● WHAT THE TASK ASKS: Quote exactly, and only, the lines from the one containing "Greater Rhea - Diego Castelli" through the end of the material below. Skip pictures.

● DATA TO PROCESS:
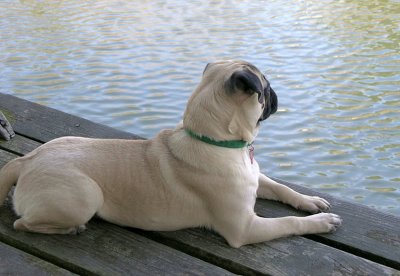 Resting On The Dock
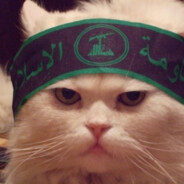 попробуй погладь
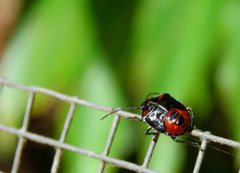 Sastragala versicolor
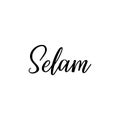 Turkish text: Hello. Lettering. Ink illustration. Modern brush calligraphy. Selam Royalty Free Stock Photo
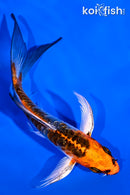 4.75" KUJAKU BUTTERFLY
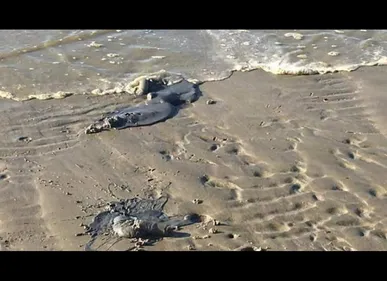 Nord : des galettes de fuel retrouvées sur une plage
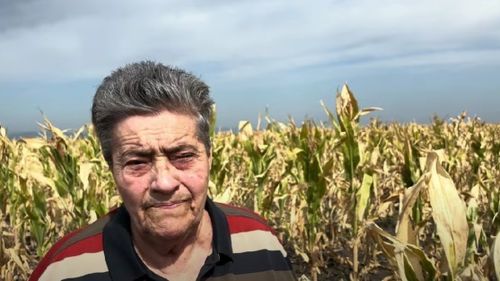 Agricultură în Vrancea, un nou pol al secetei: „Abia am cules trei saci de porumb / Din cauza arșiței, nu s-a produs fecundarea”, Tudora Vișan, președinte asociație agricolă, jud. Vrancea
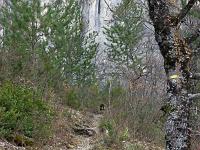 Chapelle Saint-Pons - XIIe  Nous nous approchons de la falaise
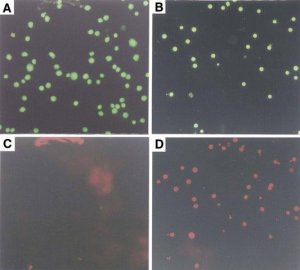 Annexin V-Cy3 Apoptosis Detection Kit 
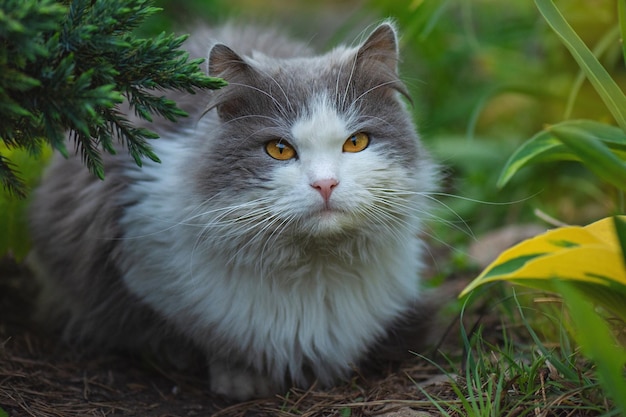 Gato deitado no jardim contra um fundo de rosas no jardim de flores Gato muito feliz no campo de flores ensolarado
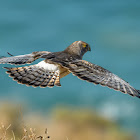 Northern Harrier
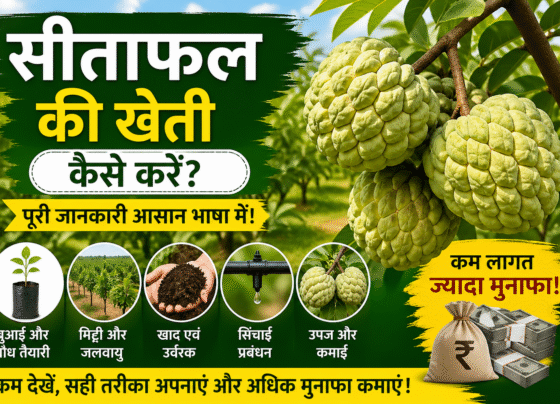 Sitafal Ki Kheti Kaise Kare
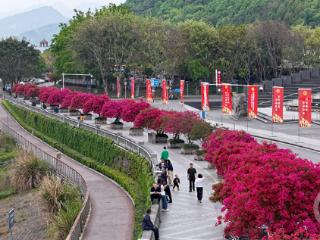 云阳江畔的五月花海，千万别错过！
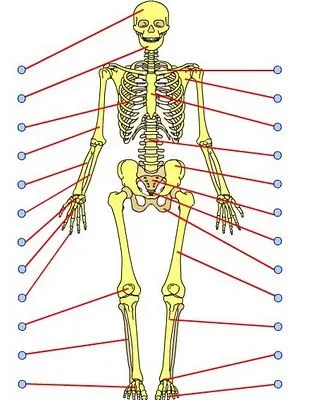 Dibujo del sistema oseo para niños - Imagui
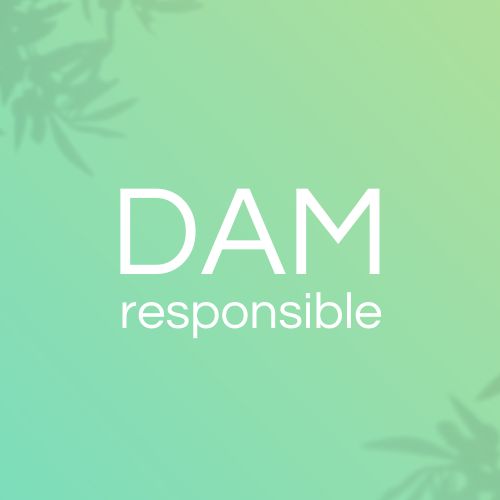 Green background with two visuals of tree shading and a text reading ‘Responsible DAM’.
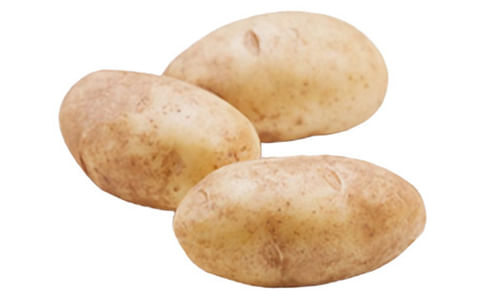 Russet Norkotah Russet Norkotah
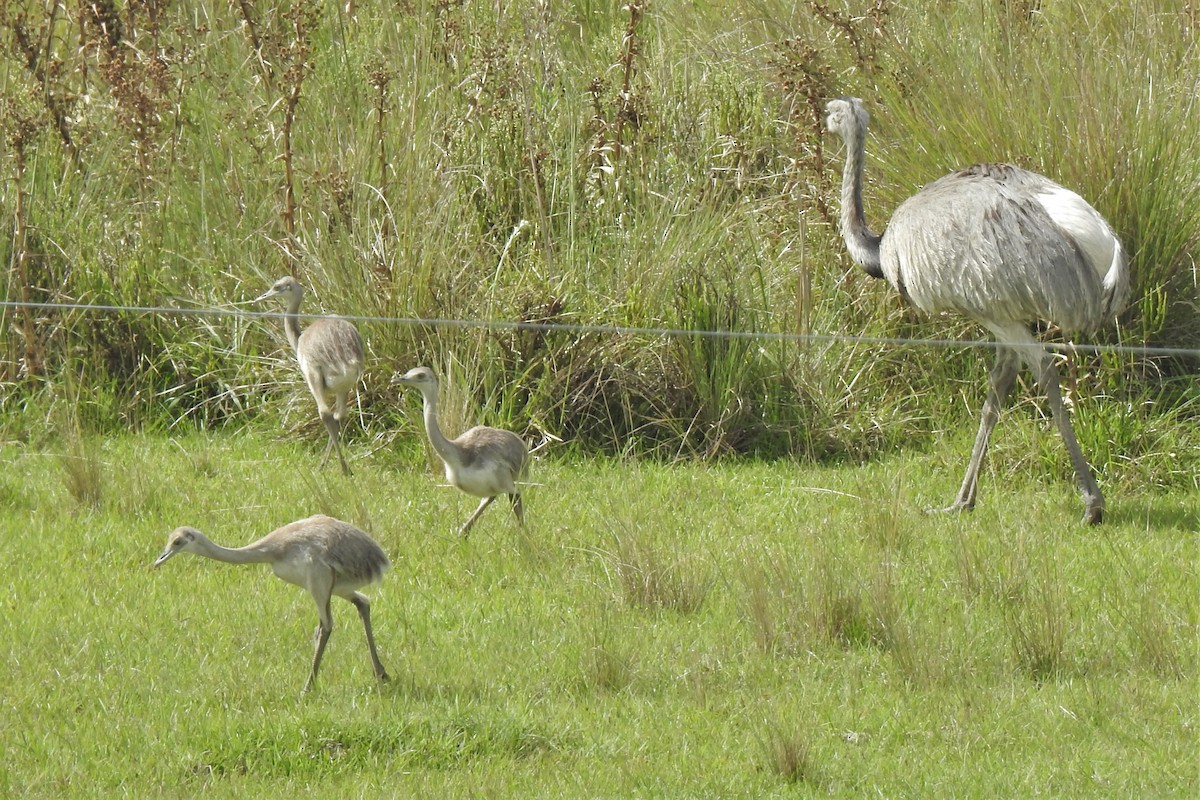 Greater Rhea - Diego Castelli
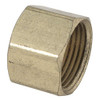 T&S Brass 40-6X Brass Craft 3/8-Inch OD Flare Cap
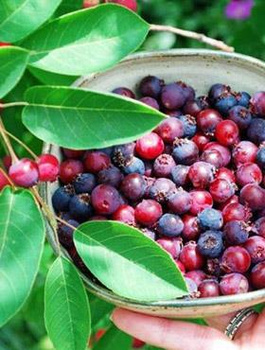 Świdośliwa lepsza niż borówka amerykańska - Deserowa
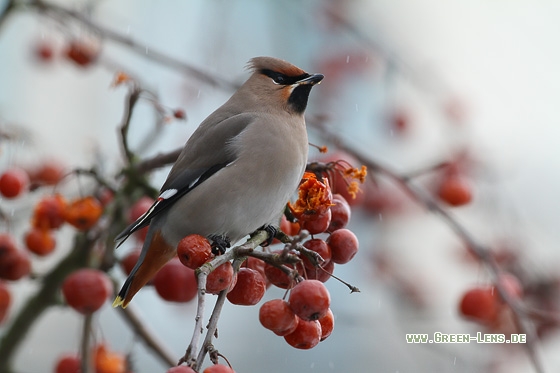 Seidenschwanz - Copyright Stefan Pfützke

● SOLUTION:
 Greater Rhea - Diego Castelli
 T&S Brass 40-6X Brass Craft 3/8-Inch OD Flare Cap
 Świdośliwa lepsza niż borówka amerykańska - Deserowa
 Seidenschwanz - Copyright Stefan Pfützke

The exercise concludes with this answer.